WHAT TO WORK ON »
Line by line, set down all the data below exactly, omitting any picture.

DATA BELOW »
Segment Open

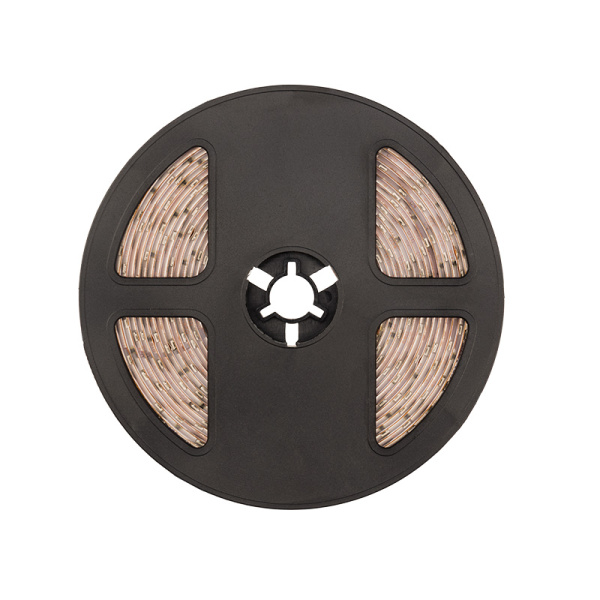 LED лента в силиконе, ширина 8 мм, IP65, SMD 3528, 60 диодов/метр, 12V, 4.8w/m (зеленая)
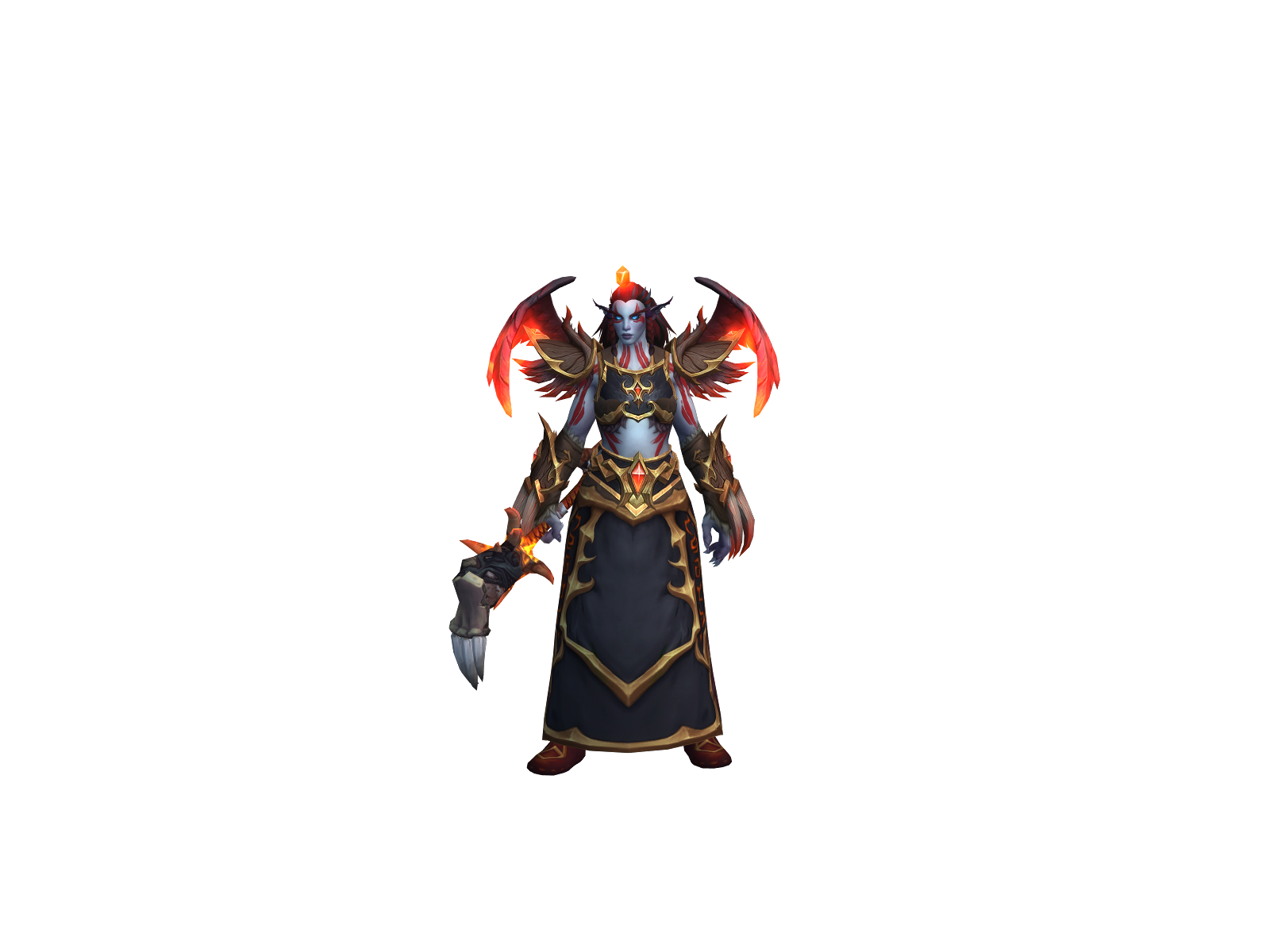 Danheim 3D character render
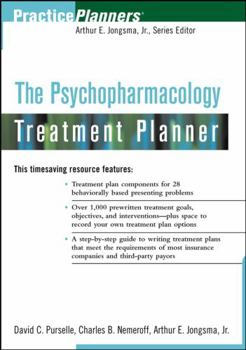 Paperback The Psychopharmacology Treatment Planner Book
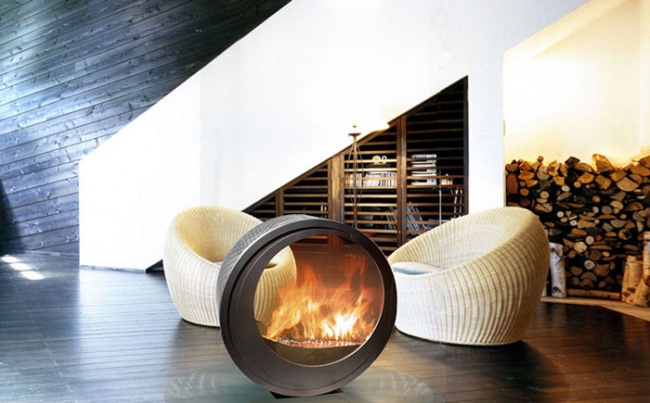 Chimeneas originales. Doble cara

Segment Closed

RESPONSE TO THIS TASK »
 LED лента в силиконе, ширина 8 мм, IP65, SMD 3528, 60 диодов/метр, 12V, 4.8w/m (зеленая)
 Danheim 3D character render
 Paperback The Psychopharmacology Treatment Planner Book
 Chimeneas originales. Doble cara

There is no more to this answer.